Tldr; Wet newspaper dipped in ashes.
So, the other day I had to clean out the fireplace, and ofc the fireplace window(glass) was rather dirty. Tried for a while to get rid of it with paper, then scrubbing it off with a one-time-use sponge etc… nothing gave any good results.
Then, I came across this random video online of a woman who said to use wet newspaper dipped in ashes from the stove, and start scrubing - This works like a charm! Forget all expensive chemicals and soaps to do this job, just KISS! Keep-it-simple-stupid.
Please give this a go next time you have to clean your wood-burning stove.

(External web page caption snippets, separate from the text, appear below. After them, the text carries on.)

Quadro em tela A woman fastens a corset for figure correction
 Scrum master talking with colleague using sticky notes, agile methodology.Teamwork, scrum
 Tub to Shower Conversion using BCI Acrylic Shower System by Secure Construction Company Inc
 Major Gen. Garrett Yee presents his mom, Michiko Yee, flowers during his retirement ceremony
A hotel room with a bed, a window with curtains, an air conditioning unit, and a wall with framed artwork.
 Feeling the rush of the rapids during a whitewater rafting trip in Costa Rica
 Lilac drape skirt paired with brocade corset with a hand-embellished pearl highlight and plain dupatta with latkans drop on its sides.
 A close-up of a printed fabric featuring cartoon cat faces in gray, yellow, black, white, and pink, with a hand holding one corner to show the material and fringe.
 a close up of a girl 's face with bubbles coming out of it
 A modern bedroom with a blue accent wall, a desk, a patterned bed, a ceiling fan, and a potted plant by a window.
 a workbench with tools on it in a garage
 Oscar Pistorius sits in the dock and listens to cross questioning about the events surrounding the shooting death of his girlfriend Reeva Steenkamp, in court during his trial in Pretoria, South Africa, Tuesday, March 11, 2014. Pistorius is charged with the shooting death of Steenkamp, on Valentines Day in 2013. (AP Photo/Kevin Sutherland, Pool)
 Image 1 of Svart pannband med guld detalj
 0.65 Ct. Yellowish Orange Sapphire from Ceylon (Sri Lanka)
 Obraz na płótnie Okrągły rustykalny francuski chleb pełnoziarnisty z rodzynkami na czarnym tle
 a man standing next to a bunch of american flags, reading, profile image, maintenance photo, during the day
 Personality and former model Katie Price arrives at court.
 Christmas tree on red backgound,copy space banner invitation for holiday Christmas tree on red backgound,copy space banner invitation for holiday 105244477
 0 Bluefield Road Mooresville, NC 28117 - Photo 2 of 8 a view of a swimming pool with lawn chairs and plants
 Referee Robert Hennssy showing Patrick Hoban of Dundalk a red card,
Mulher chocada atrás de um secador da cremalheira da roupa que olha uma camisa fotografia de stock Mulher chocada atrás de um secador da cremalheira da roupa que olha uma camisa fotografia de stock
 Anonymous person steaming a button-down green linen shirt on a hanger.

A lot of folks don’t have the old knowledge that wetted ash burns you. It’s actually the Arabic base of the word “alkali” and was historical common knowledge that we’ve lost. How bad it can be depends on the plant, but there’s cases of people using popular ash and occluding it in folk remedy and getting pretty deep scarring burns. It’s what we used to use to tan leather and make soap, after all.
Edit: Sometimes it results in pretty funny incidents though:
https://www.bbc.com/news/world-europe-26478900 (the chemistry in this article is completely out of wack. Generally it’s potassium carbonate that you’re creating with ash. You’d need to add slaked lime [lime dissolved in water, calcium hydroxide] to potash/potassium carbonate to make potassium hydroxide and calcium carbonate [chalk]).
https://www.ucanews.com/news/philippine-bishop-orders-probe-into-ash-wednesday-burns/81551
https://www.reddit.com/r/Catholicism/comments/7xia9n/help_my_church_added_too_much_water_to_the_ash/
https://www.foxnews.com/lifestyle/ash-wednesday-worshipers-in-colombia-hit-by-mysterious-burning-rash-on-forehead
What a mystery. And it only seems to happen in churches that use water for ash wednesday, never oil.